Chrissy Likes the Dolphins
Greg Gerke

She kept it hidden for a while and then sprang it on a night we started to have sex but didn't finish. She pushed my thigh off her thigh, cleared her throat and said, "Ted, I want you to know, I like the dolphins."
I nodded and went to the bathroom. I knew she wasn't talking about dolphins in general and she'd never mentioned football as an interest, but we'd only been together for a year -- people forget things.
The next morning I found a Miami Dolphins pennant on the refrigerator and at night Chrissy came to bed in a Dolphins jersey stretching well past her ass.
I sat in the dark for a long time. "Are the Dolphins going to be good for us?" I asked.
In the next week I awoke three times to her watching games from the 1984 AFC Championship season. Her hair in pigtails, her pom-poms orange and blue. "Jesus Christ," I shrieked, "We have to go to work in two hours."

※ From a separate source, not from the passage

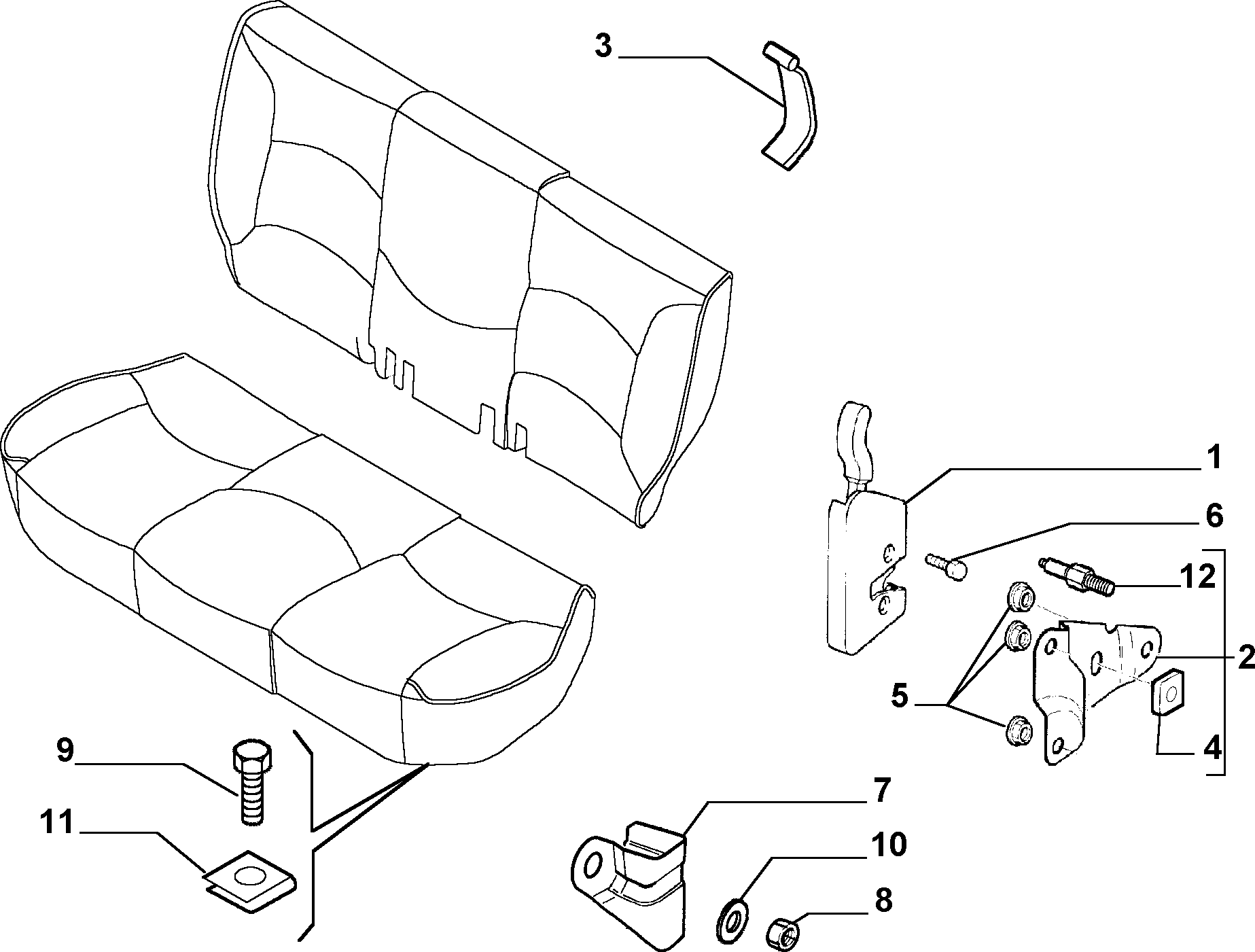 70613/02 REAR SEAT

She twisted a pom-pom in my face. "You are fair weather, so so so so fair weather."
At work I staggered around the office, staring at other, normal-seeming women. I spoke to Leslie about good dentists in the area. I joked with Madeline about file folders. "Problems on the home front Ted?" my supervisor said.
"Chrissy really likes the Dolphins."
At home I was made to be a dummy that Chrissy would practice clipping penalties on. Salivating, she said, "It hardly gets called, but when it does, it's totally amazing." She now went to her reception job in full regalia, missing only the shoulder pads. In a few days she was fired and immediately urged a move to Miami. I snapped my fingers in front of her nose. "I like Cleveland and you told me you liked it too."
I told friends, I told family. I told our neighbors, I told everybody. They would not reply. It was like I hadn't spoken. I went to the police and they laughed. The Dolphins weren't even in the same division as the Browns, what the fuck did they care.
I looked around the city I lived in, wondering about the world and specifically my sexual needs. We hadn't done it since 'the night of the Dolphins,' as I now referred to it.
On a Sunday when Chrissy had the four big Dolphin fans in the Cleveland area over to watch the game, I went to a bar with no TV's, a red interior and a reputation for bringing people together. I found a woman who wrote werewolf novels. She'd lived in Scotland and had straight black hair, three inch fingernails. She knew I was married, she knew my kind of problems. I went after her hands but that must have been rude because she swatted at me with her new werewolf manuscript. "I don't think this is going to work," she said.
"But you know me," I cried. "You know the issues. The person that becomes another creature. You write about it all the time."
"I write from the viewpoint of the werewolf," and she wiggled out of the booth and stood up. She was six-foot-seven. I could understand her now -- a really tall woman wants a really tall man, that which I was never. I twirled my thumbs and moaned and she smashed my face. "And don't tell a woman that she knows you." Then she whacked me again, "And that's for all the werewolves."